Google’s head of developer relations and vice president of developer X Jeanine Banks asserted that a neuro-inclusive design approach will stand out. By the end of 2025, she predicted, user adoption will have increased five-fold for developers that begin their projects with an emphasis on neuro-inclusiveness, creating with simplicity and removing distractions.

Seven principles, according to Banks, will be crucial for achieving this degree of accessibility: balance, proportion, unity, light, color, space, and patterns.

2. Adoption of curated open source on a large scale

Four out of five developers will adopt curated open source, which will add a degree of accountability to today’s free or “as-is” open source, according to Eric Brewer, VP of infrastructure and Google fellow. As part of its Assured Open Source Software (AOSS) business, the internet behemoth already provides selected open source.

3. Automated SecOps Processes

Iman Ghanizada, Google’s worldwide manager of autonomous security operations, predicts that by the end of 2025, up to 90% of security operations workflows will be automated and handled as code. This will be accomplished by Google using services like Community Security Analytics and Chronicle to enable continuous detection and reaction.

4. A four-day workweek powered by AI

Iman’s prediction was followed by that of Kamelia Aryafar, senior director of engineering at Google Cloud AI, who asserted that the main impetus for the shift to a four-day workweek will be artificial intelligence (AI). She stressed that advances in AI, like Google’s Vertex AI, will automate jobs and allow teams to do the work of five days in just four.

5. The majority of data will be used in real-time

By the end of 2025, according to Irina Farooq, analytics product leader at Google Cloud, 90% of all data will be actionable in real-time. With innovations like Dataplex (which automates data administration and governance, unifies distributed data, and supports unstructured data), support for Apache Spark on BigQuery, and support for unstructured data, she claimed that Google is making it possible.

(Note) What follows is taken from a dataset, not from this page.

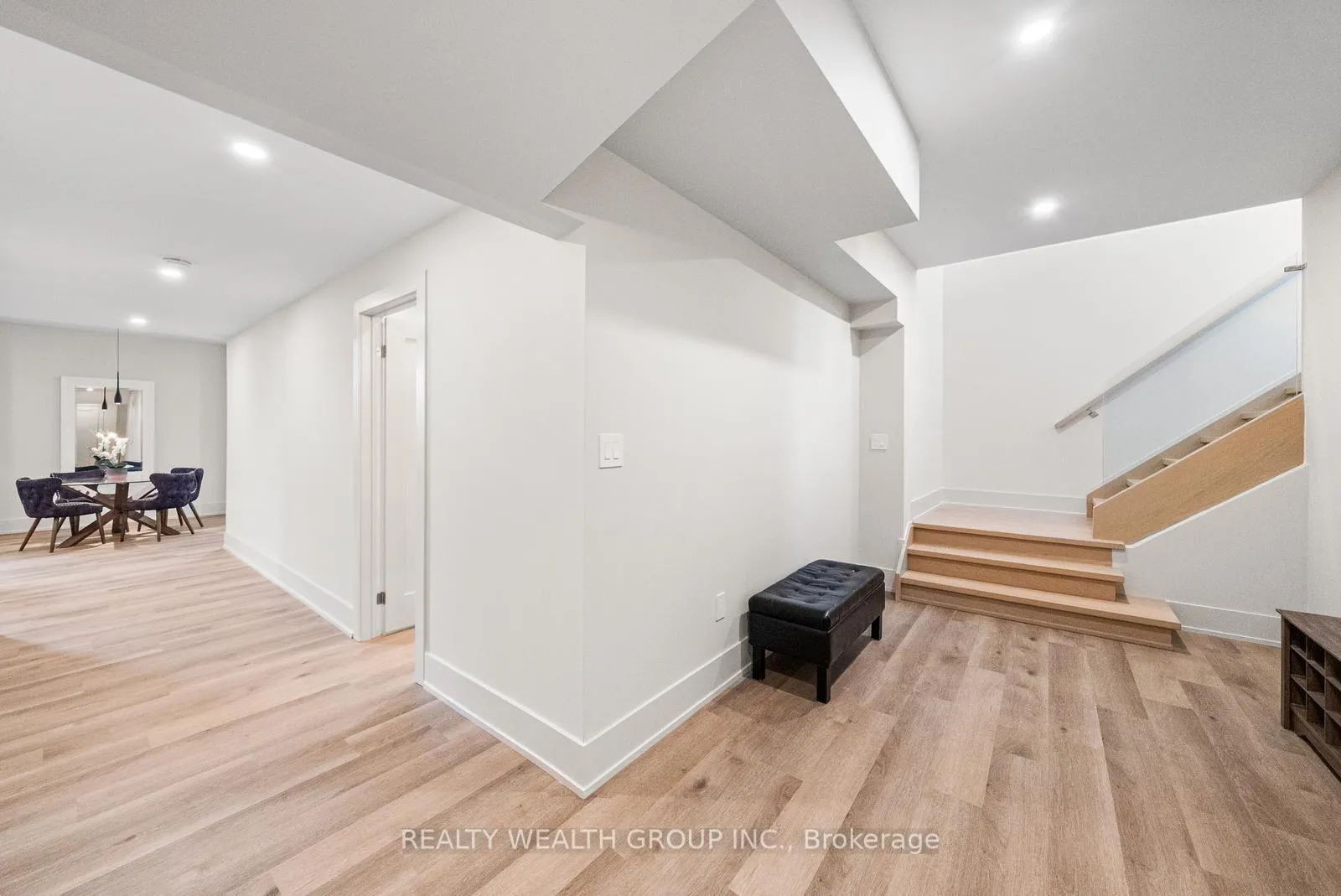 Photo 37 of 105 Franklin Crescent, Whitby, Rural Whitby — HOMEH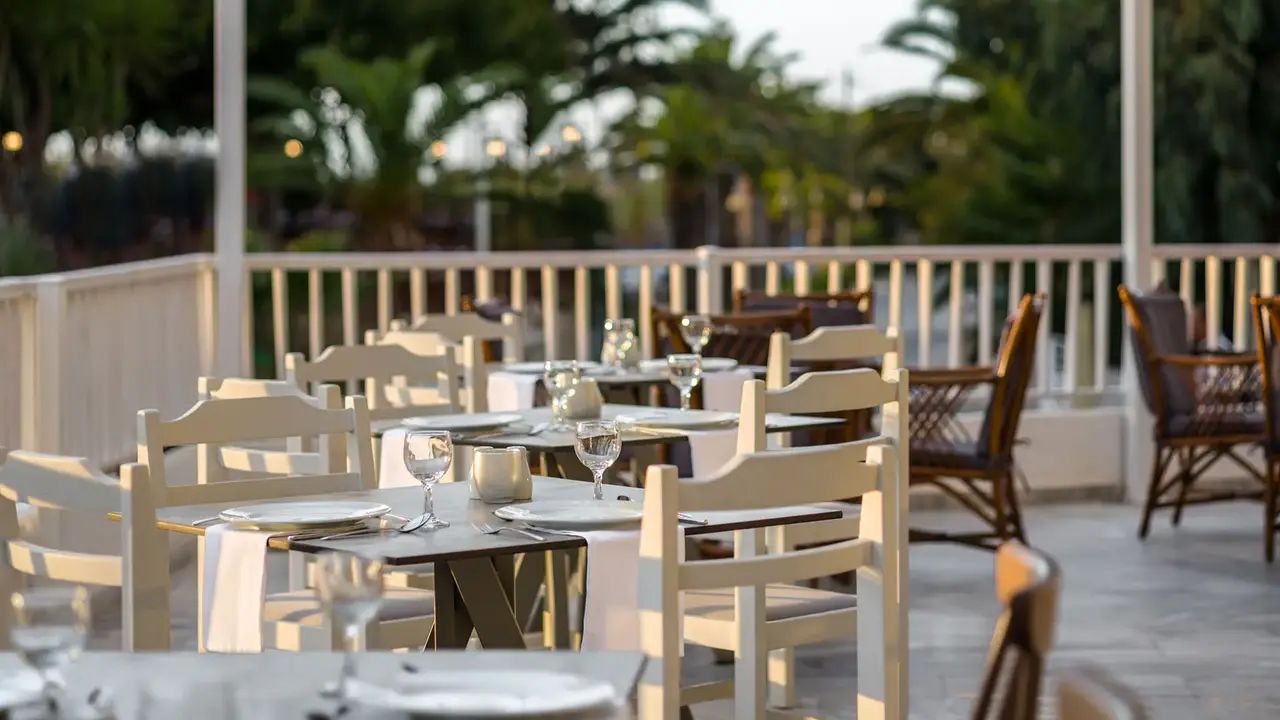 Ariadne Hotel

6. No distinction between transactional and analytical processes

Transactional and analytical database workloads have existed separately for a long time. But according to Andi Gutmans, vice president and general manager of databases at Google, these obstacles will vanish by the end of 2025. Spanner, Cloud SQL, BigTable, and AlloyDB, among other Google Cloud services, will play a part in making that happen, according to him.

7. Cloud infrastructure decisions are made automatically

In the next three years, more than half of cloud infrastructure choices, according to Amin Vahdat, VP and GM of systems and services infrastructure at Google, will be automated. According to him, this change will depend on the usage patterns, scale, and performance requirements of a company.

8. Priority will be given to sustainability

Steren Giannini, group product manager at Google, expects that things will soon change with sustainability taking the lead. For a long time, developers have concentrated on creating projects and apps with a focus on security, dependability, and performance. He points out that up to three out of every four developers will use sustainability as the main guiding element for their initiatives. To this goal, Google provides a carbon footprint calculator to assess how using the cloud affects sustainability.

9. The effects of multi-cloud

As a result of multi-cloud features offered on the market, such as Anthos and BigQuery Omni, Richard Seroter, director of DevRel and outbound product management, predicts that more than half of all enterprises using the public cloud will switch their primary cloud provider.

10. It will all be low-code/no-code

Last but not least, Jana Mandic, a Google engineering manager, predicted that no-code and low-code will dominate businesses in the upcoming three years. In the future, she said, more than half of all commercial applications will be created by people who do not identify as professional developers. Notably, Gartner also expects that by 2025, more than 70% of new apps will be powered by low-code/no-code technologies.